Baliwood star in cool vid

Friday, July 4, 2008

More of Michael's summary: "classroom" communicating in SL

All of the educators do seem to agree that the collaboration and helping behaviors that students exhibit through design and as a by product of the virtual environment represent benefits that are near to impossible to realize in the “flat web world” (two dimensional Learning Management Systems). It feels like a place where students from differing time zones and cultures can feel a “togetherness”. And many speak of the sense of presence and heightened level of social comfort afforded by the near anonymous and playful nature of the av as a representation of the self. Nearly all of the educators I spoke with agree that using a virtual 3D identity, as an extension of RL. will be common in the near future. It is just where we are going, and becoming proficient at living and learning in a second life will prove to be a survival tool.
I was interested in the extent to which courses taught using SL were completely in-world. The answer to this question is “it depends”. Most of the educators using SL as a teaching tool or environment seem to do so as a supplement to some RL classroom experience, although as educators become experienced using synthetic environments and new pedagogies move toward guided collaborative learning as the standard, a significant and growing number of courses are completely scheduled in-world, especially those that lend themselves toward distance learning technologies, with students and instructors participating from around the globe.
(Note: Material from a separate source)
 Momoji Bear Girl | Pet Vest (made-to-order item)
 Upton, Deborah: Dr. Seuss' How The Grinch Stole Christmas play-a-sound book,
The need for a RL location for anything more than an administrative center is diminishing.
Before I had any experience of educating in Second Life, I thought that the form of communication was a significant notion, one that might influence the appropriateness of using a virtual world. My question was born of my prior research into distance learning, and my assumption that asynchronous communication was a barrier to student engagement in learning. Not every undergraduate can feel in touch with his or her classmates when the mode of communication is much like email. It appears that the chat generation has already conquered that barrier. In SL, there are two nearly synchronous channels of text communication: one public, and one potentially private. In addition, Second Life introduced voice communication in 2006, which has evolved to the level of high quality synchronous voice-over-internet.
There is no common mix of these channels in use during on in-world class, but there almost always seems to be a mix of all three. The Web2 student is proficient at managing multiple near synchronous chat conversations in addition to real time voice, and they use it all. Much as a RL brick and mortar class might, SL classes come to quick and organic agreement about the mix of signals, and who controls the voice. It is common for the instructor to hold the control of voice until students are invited to join, while the public chat is the formal classroom conversation and the private IM is the “backchannel”. Because for the next few years not all users will have the same voice technology available to them, some educators use text exclusively to insure that every student is receiving the same messages. An additional benefit might be gleaned by using the private IM channel as a group channel because an av can choose to have this chat saved to text, providing automatic lecture notes. Programs that activate gestures and mouth movements when an avatars driver uses voice are in development; these may change the dynamics of class communications somewhat.